If you found the house that is perfect and the list price was $939,500, what would you offer? I don't want to offend anyone but don't want to pay to much either.
Kristine
You should ask your agent that very question. Your market is different than most people on here. California or South Carolina is not Minnesota.
Consider comps and what it is worth to you. If you start at 845 but someone else offers 890 you may have just lost the house. Consider what you're willing to pay to live there as well. Sometimes it's not about nickel and diming the seller but getting what you truly want
I'm a bit data junkie. So if I were you, I'd ask my realtor to provide the latest 6-month comp sales information including listing prices, sale prices, DOM. Try to get at least 30 or more observations.
See whether there's any pattern. What's the average sale/listing price ratio? Does this ratio depend on the DOM? Do people pay more for new listings?

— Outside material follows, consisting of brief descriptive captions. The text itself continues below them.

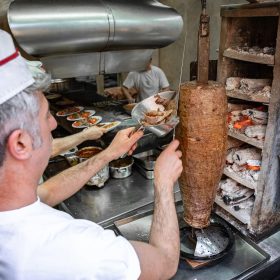 Tunari Doner: adrese, meniu și program — ghid local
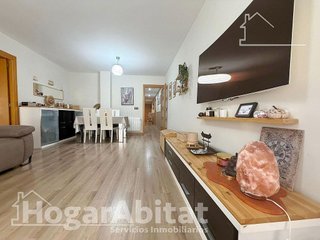 Piso en venta en Avda. de Abril. - 9 de octubre en Sagunto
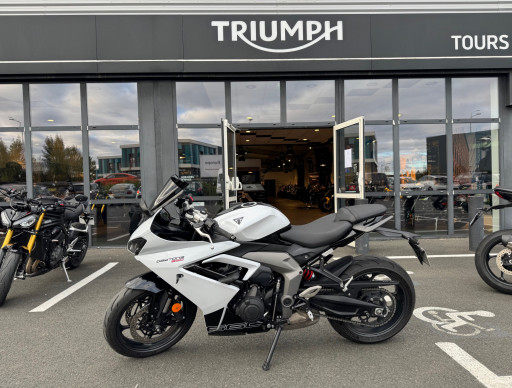 TRIUMPH 	DAYTONA 660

Also check whether there's any trend in the price/sqft. Forecast out the price/sqft to today and use this figure to price the home. Or hire a starving economist.

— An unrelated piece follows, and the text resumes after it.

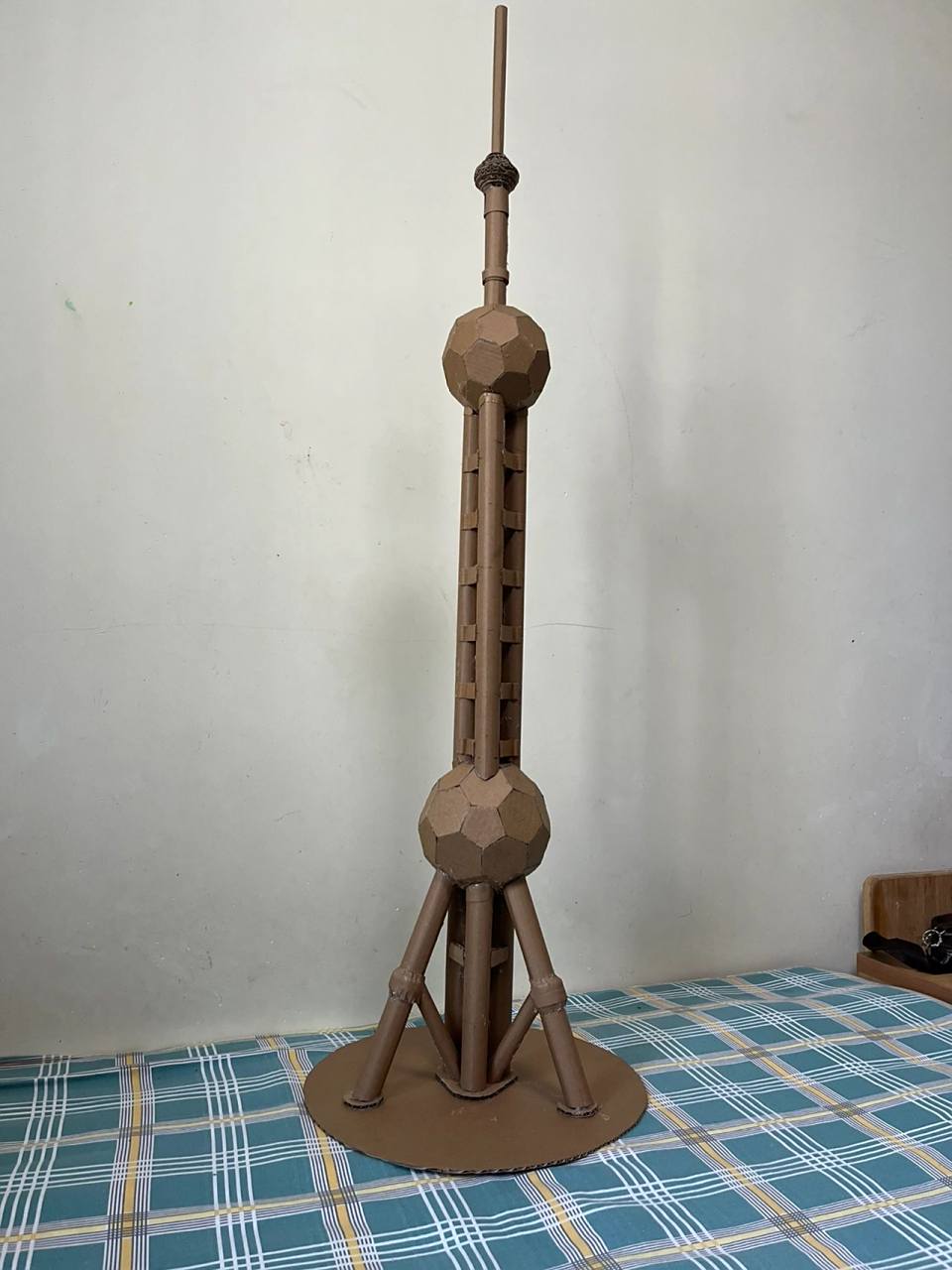 用废纸箱制做的上海东方明珠塔模型.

I'm in Orlando, and everything is selling way below list price here, especially downtown. What are places going for in Panama City?
Around here prices haven't come down much. Houses are sitting DOM average 136 days and selling w/ 5-7% of listing price. 21 mos of inventory is on the books and climbing slowly. Looking back to 02-04, housing prices were 15-18% less than current values. So they're still a little high. Some people have theirs listed right but then others are just out of this world. The house I want to buy is close to being 70K too high--so here I sit continuing to rent.
First I'd check the comps, then I'd lowball it to get the real acceptable price. You can always go up if they counter-offer. If the house is in the $900,000 area, I'd personally would start with an offer of $600,000. At that price, in todays slooooooow market, I bet you could work out a smoking deal, especially if the seller is seriously motived enough. You may find the house is about to be foreclosed on or ???, anything that makes the owner want to sell and save hi/her credit rating.
Seriously? The owner is not even going to bother to counter an offer that low. You have no reason to assume that the seller is that desperate. Lots of sellers aren't.
Seriously? The owner is not even going to bother to counter an offer that low. You have no reason to assume that the seller is that desperate. Lots of sellers aren't.
You could be right. My husband wouldn't have responded to that.
He also didn't want to respond to the low ball we got that was the same price as our zillow "zestimate" at the time. It's the wife that calmed him down and told him to counter.